[Exercise]:
When the listing below reaches the line that has "New Laptop Huawei", start reproducing exactly; stop after the line that has "выравнивание бани, установка", and drop the pictures.

[Data extracts]:
※ ※ ※

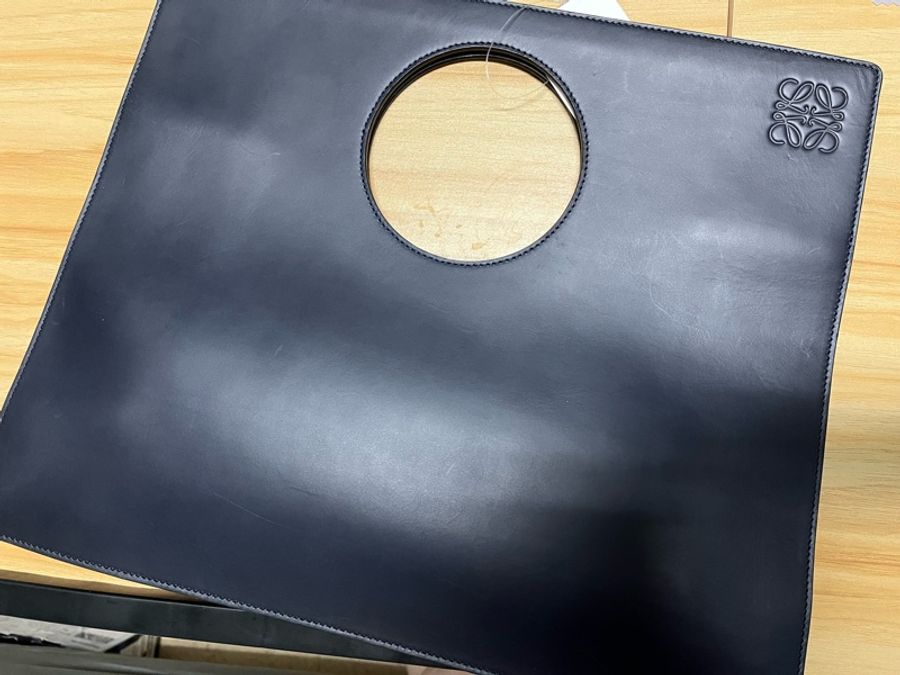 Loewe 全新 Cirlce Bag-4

※ ※ ※

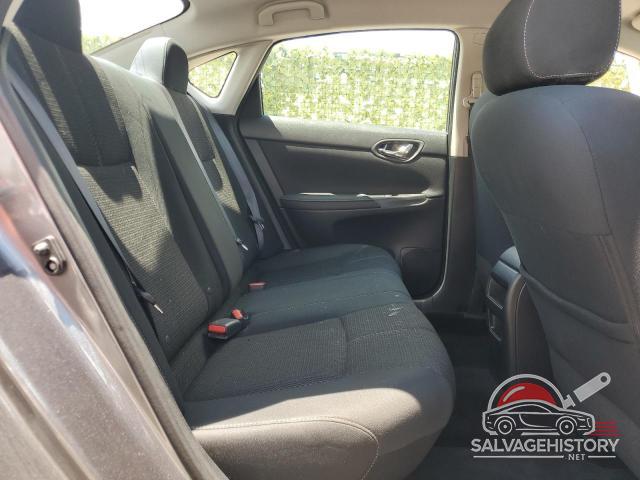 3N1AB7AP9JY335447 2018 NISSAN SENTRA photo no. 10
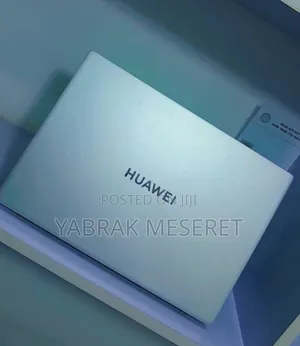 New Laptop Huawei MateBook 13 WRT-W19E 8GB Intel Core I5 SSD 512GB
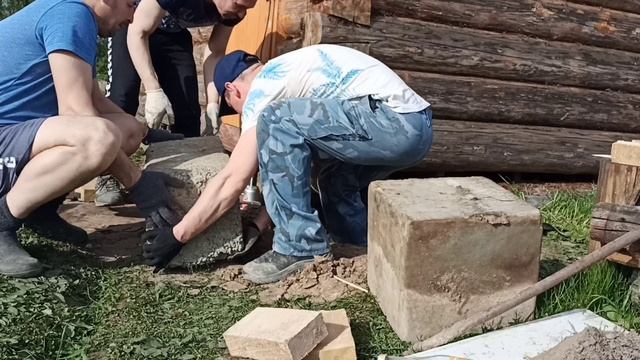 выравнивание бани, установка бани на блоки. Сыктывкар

※ ※ ※

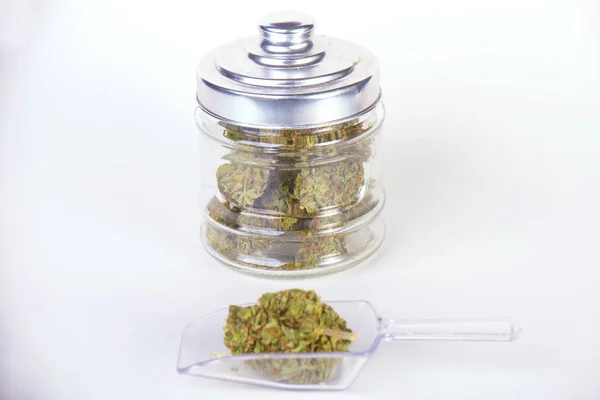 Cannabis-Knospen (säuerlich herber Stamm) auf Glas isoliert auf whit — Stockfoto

※ ※ ※

[Response]:
 New Laptop Huawei MateBook 13 WRT-W19E 8GB Intel Core I5 SSD 512GB
 выравнивание бани, установка бани на блоки. Сыктывкар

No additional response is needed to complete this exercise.